Exercise data:

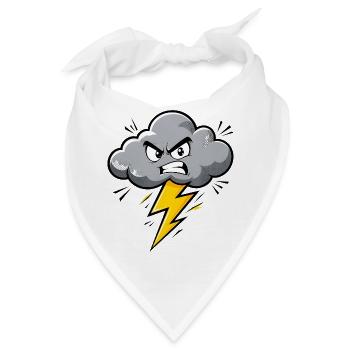 Wütende Wolke Blitz Gewitter Wetter Motiv  - Bandana - Weiß - Vorne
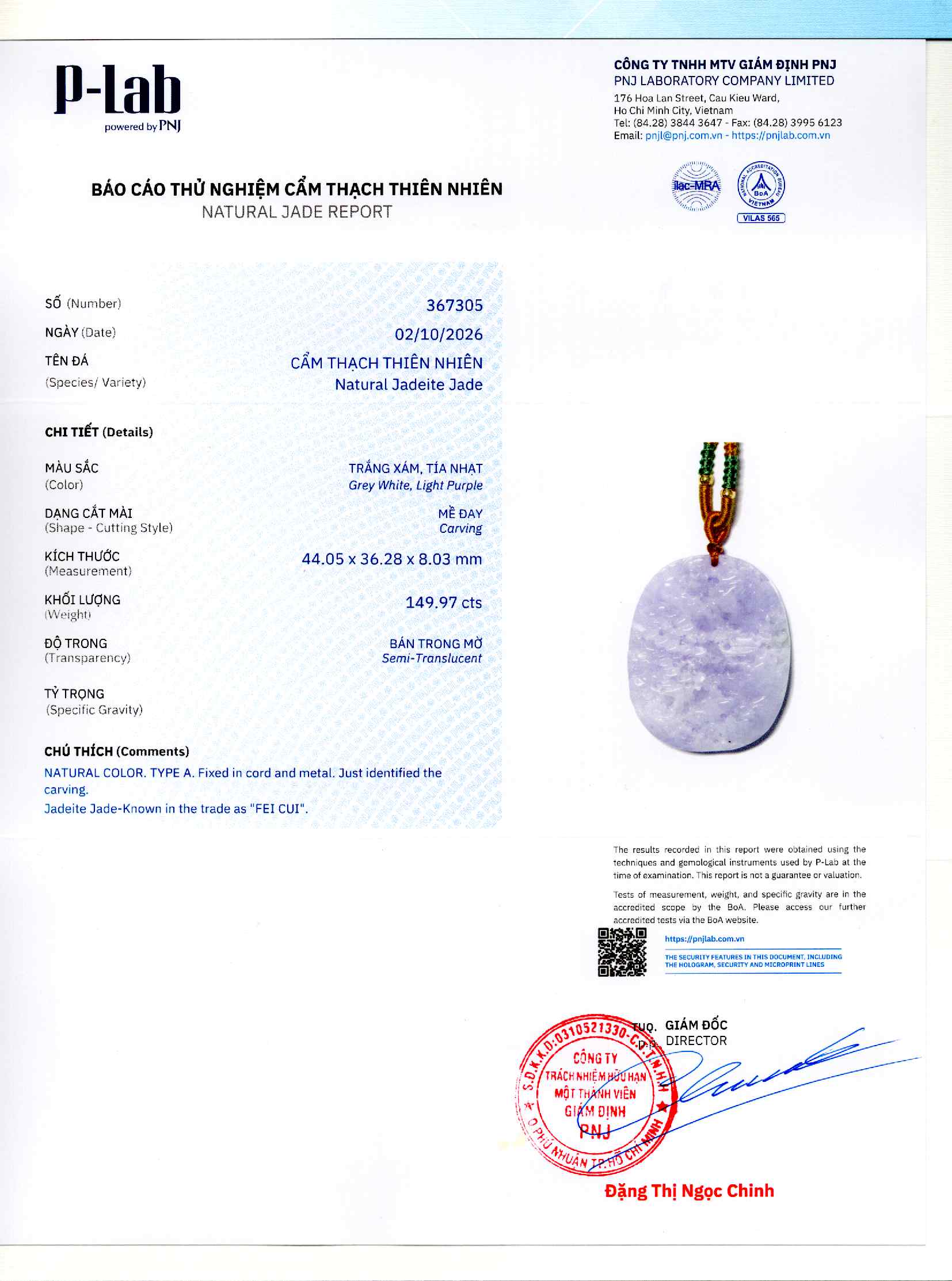 Giấy giám định 367305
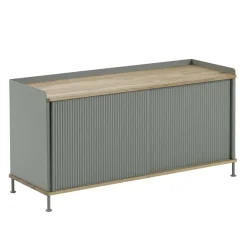 Clearance Muuto Mesa auxiliar Enfold baja 125x45x63 cm, Oak-Dusty green MarrónVerde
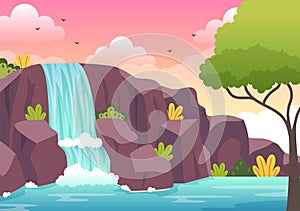 Waterfall Jungle Landscape of Tropical Natural Scenery with Cascade of Rocks, River Streams or Rocky Cliff in Flat Illustration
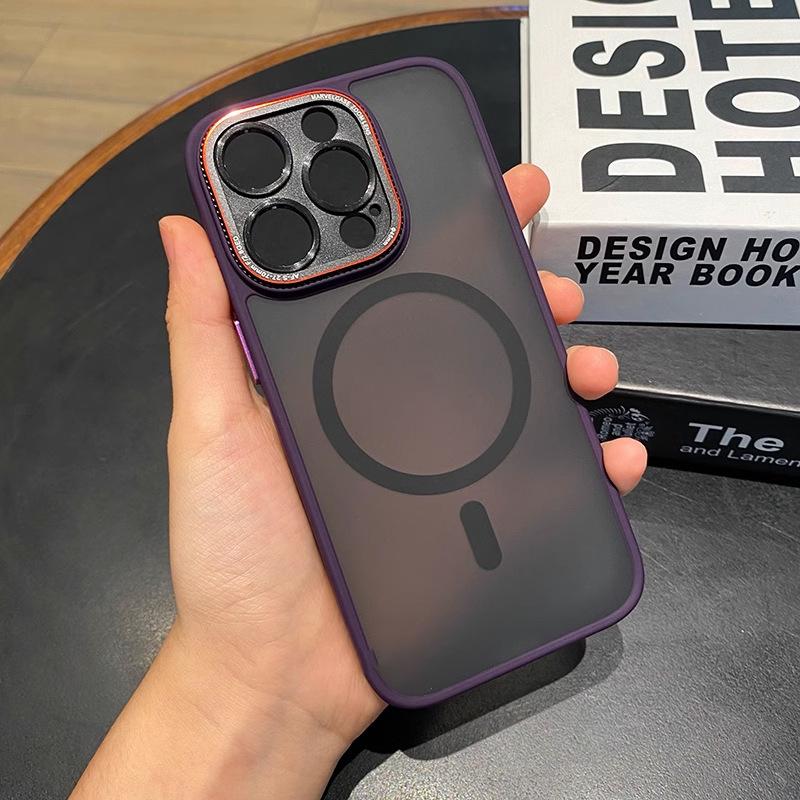 Applicable To Apple 16promax Metal Lens Ring Mobile Phone Case IPhone 14Pro Skin Scrub Protective Case 13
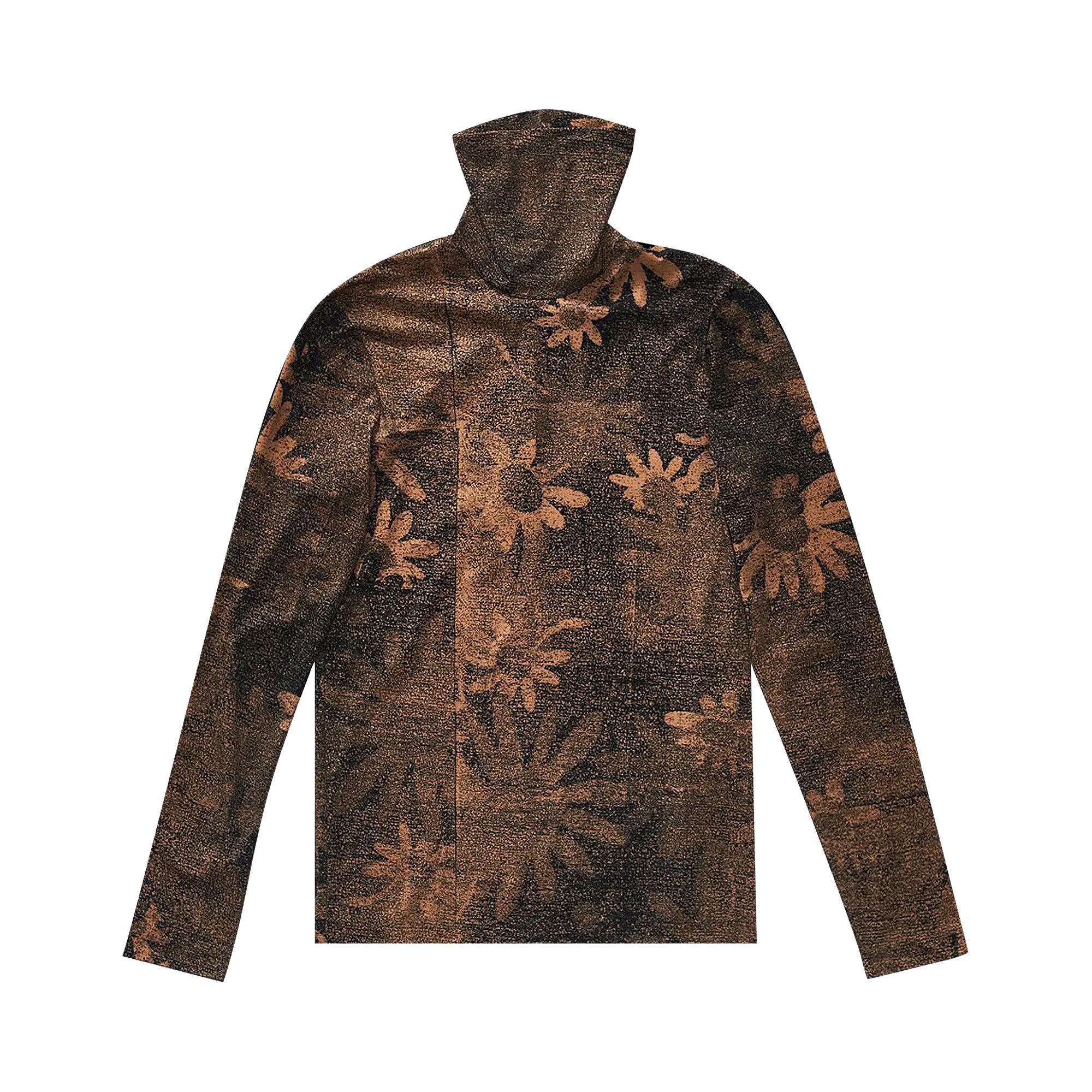 Buy MM6 Maison Margiela Printed Long-Sleeve Turtle Neck Top 'Black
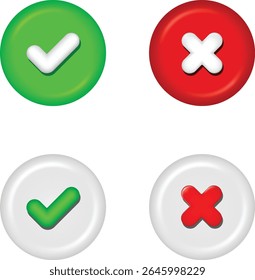 Realistic stylized right and wrong 3D buttons. Glossy round check mark and cross mark signs. Approval and incorrect buttons. Symbols of acceptance and rejection. editable Vectors illustrations.
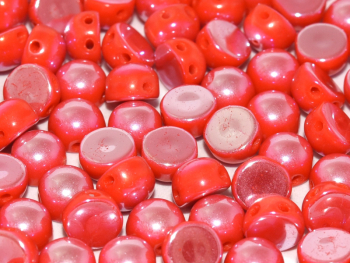 2-Hole-Cabochons 6mm Op. Light Red AB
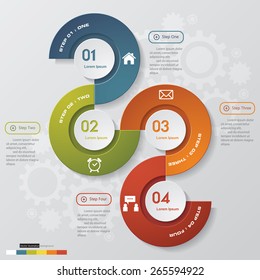 4 Steps number banners template/graphic or website layout. Vector.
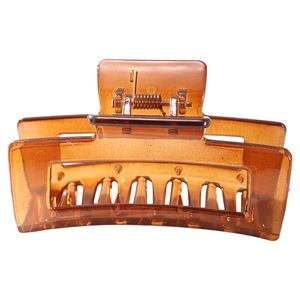 Square amber claw clip for women, large brown hair clip with strong spring for ponytail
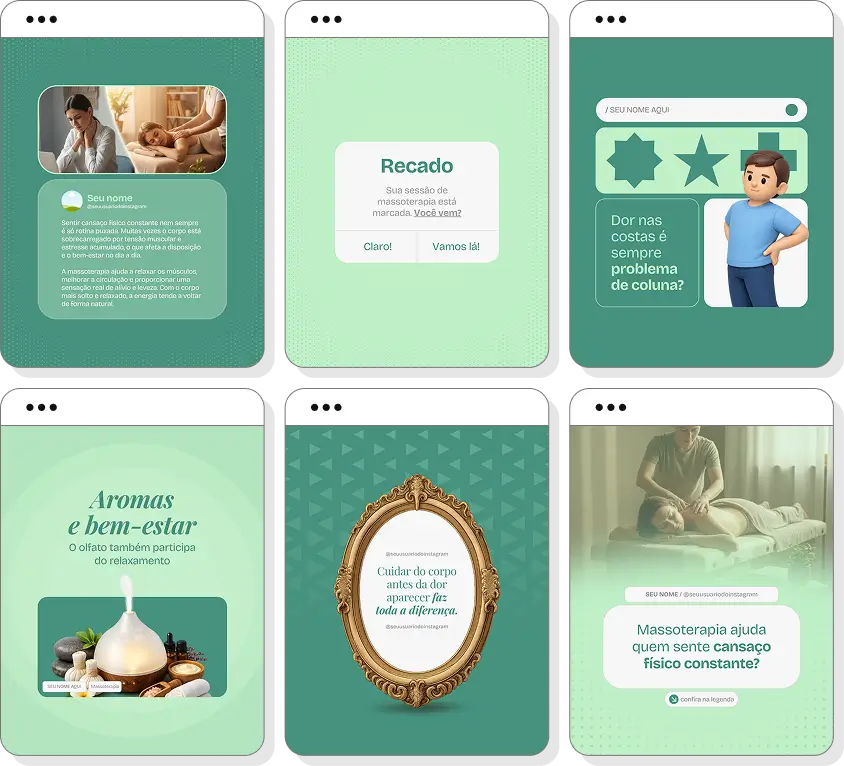 Pack de posts para Instagram massoterapia com artes editáveis sobre massagens e saúde corporal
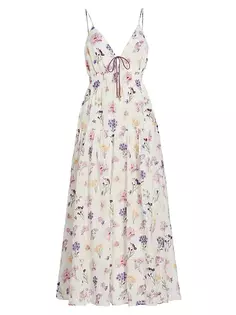 Хлопковое платье макси с цветочным принтом Phoebe Kivari, фиолетовый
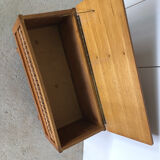 Toy chest with rattan feet retro 50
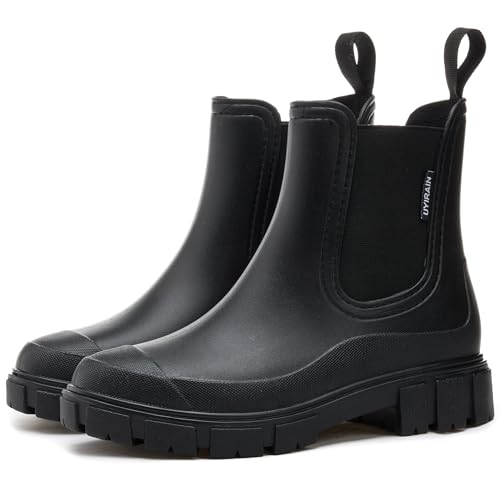 Image of WOWSTICK Women's Ankle Rain Boots Waterproof Lightweight Slip Resistant Fashion Garden Booties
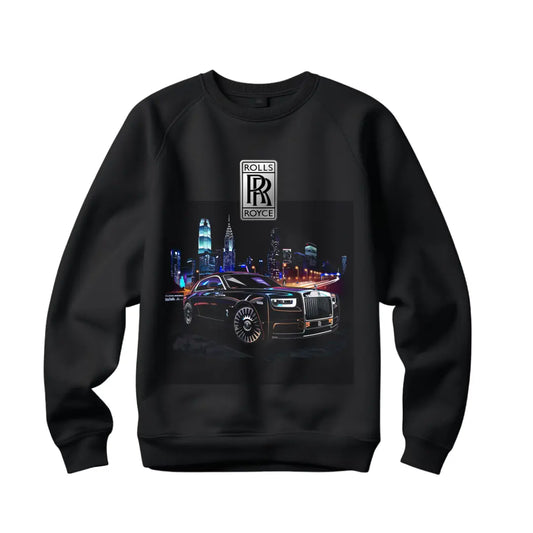 Rolls-Royce Luxury Car Graphic Sweatshirt - Premium Black Top with Iconic Design - Black Threadz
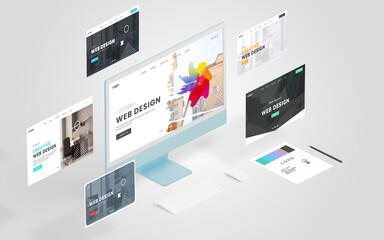 Leinwandbilder - Display featuring a conceptual web design page with similar pages floating around, showcasing the power of a web design studio. Presented in an isometric view for dynamic visual appeal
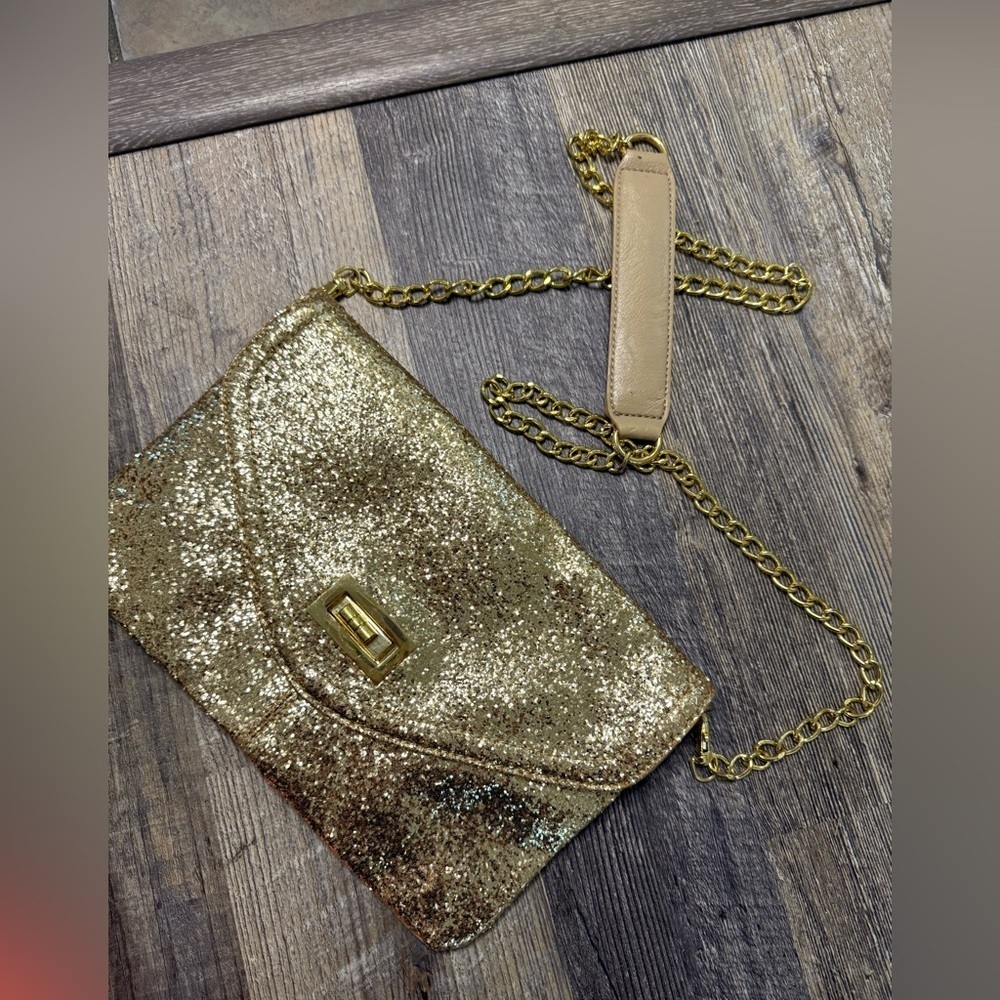 Aldo Sparkling Gold Clutch with Chain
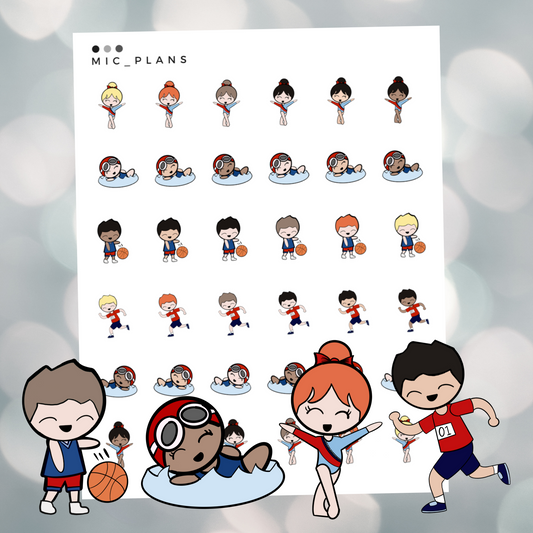 Team USA Sports Olympic 2024 Planner Character Sticker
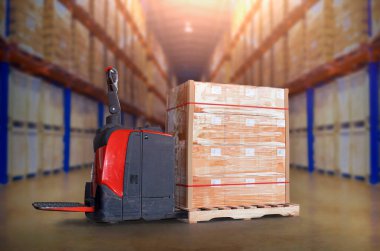 Electric Forklift Pallet Jack with Packaging Boxes Stacked on Pallet in Storage Warehouse. Cargo Shipping. Warehouse. Inventory Management. Tall Shelf Storage. Supplies Warehouse Logistics.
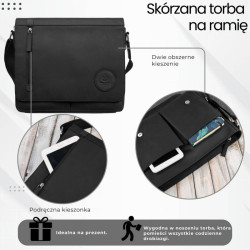 Męska czarna torba na ramie ze skóry naturalnej vintage Paolo Peruzzi T-147-HBL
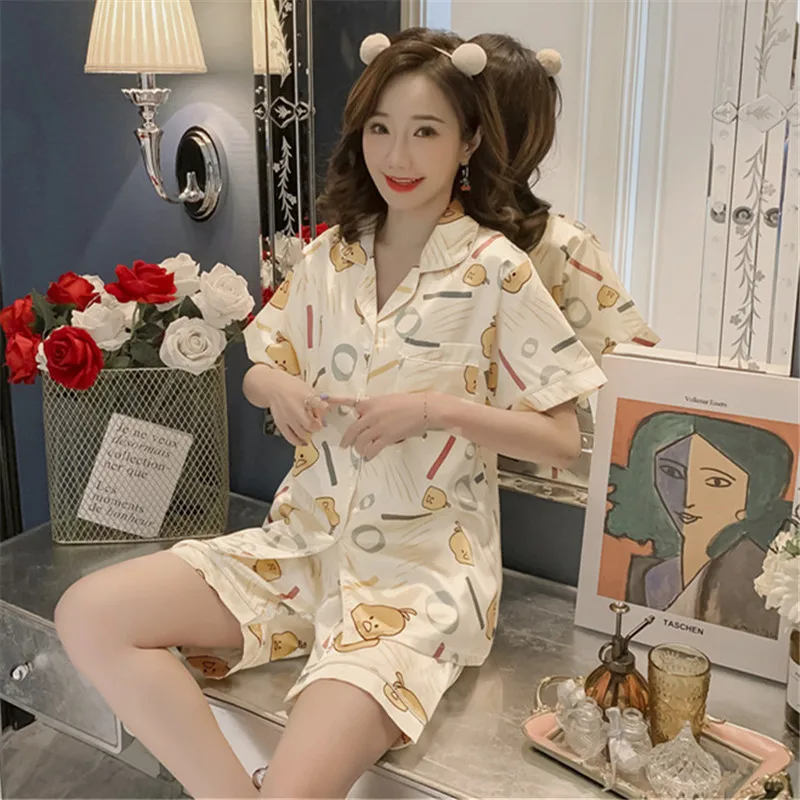 Rdeča Prosti čas saten svila Pižamo za Ženske Kawaii Tiskanja pižame Modni Ženski Luksuzni korejski kratka sleeved Sleepwear More set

Task to carry out: Word for word, restate every line of the listing, omitting the pictures.

Answer to this exercise:
 Wütende Wolke Blitz Gewitter Wetter Motiv  - Bandana - Weiß - Vorne
 Giấy giám định 367305
 Clearance Muuto Mesa auxiliar Enfold baja 125x45x63 cm, Oak-Dusty green MarrónVerde
 Waterfall Jungle Landscape of Tropical Natural Scenery with Cascade of Rocks, River Streams or Rocky Cliff in Flat Illustration
 Applicable To Apple 16promax Metal Lens Ring Mobile Phone Case IPhone 14Pro Skin Scrub Protective Case 13
 Buy MM6 Maison Margiela Printed Long-Sleeve Turtle Neck Top 'Black
 Realistic stylized right and wrong 3D buttons. Glossy round check mark and cross mark signs. Approval and incorrect buttons. Symbols of acceptance and rejection. editable Vectors illustrations.
 2-Hole-Cabochons 6mm Op. Light Red AB
 4 Steps number banners template/graphic or website layout. Vector.
 Square amber claw clip for women, large brown hair clip with strong spring for ponytail
 Pack de posts para Instagram massoterapia com artes editáveis sobre massagens e saúde corporal
 Хлопковое платье макси с цветочным принтом Phoebe Kivari, фиолетовый
 Toy chest with rattan feet retro 50
 Image of WOWSTICK Women's Ankle Rain Boots Waterproof Lightweight Slip Resistant Fashion Garden Booties
 Rolls-Royce Luxury Car Graphic Sweatshirt - Premium Black Top with Iconic Design - Black Threadz
 Leinwandbilder - Display featuring a conceptual web design page with similar pages floating around, showcasing the power of a web design studio. Presented in an isometric view for dynamic visual appeal
 Aldo Sparkling Gold Clutch with Chain
 Team USA Sports Olympic 2024 Planner Character Sticker
 Electric Forklift Pallet Jack with Packaging Boxes Stacked on Pallet in Storage Warehouse. Cargo Shipping. Warehouse. Inventory Management. Tall Shelf Storage. Supplies Warehouse Logistics.
 Męska czarna torba na ramie ze skóry naturalnej vintage Paolo Peruzzi T-147-HBL
 Rdeča Prosti čas saten svila Pižamo za Ženske Kawaii Tiskanja pižame Modni Ženski Luksuzni korejski kratka sleeved Sleepwear More set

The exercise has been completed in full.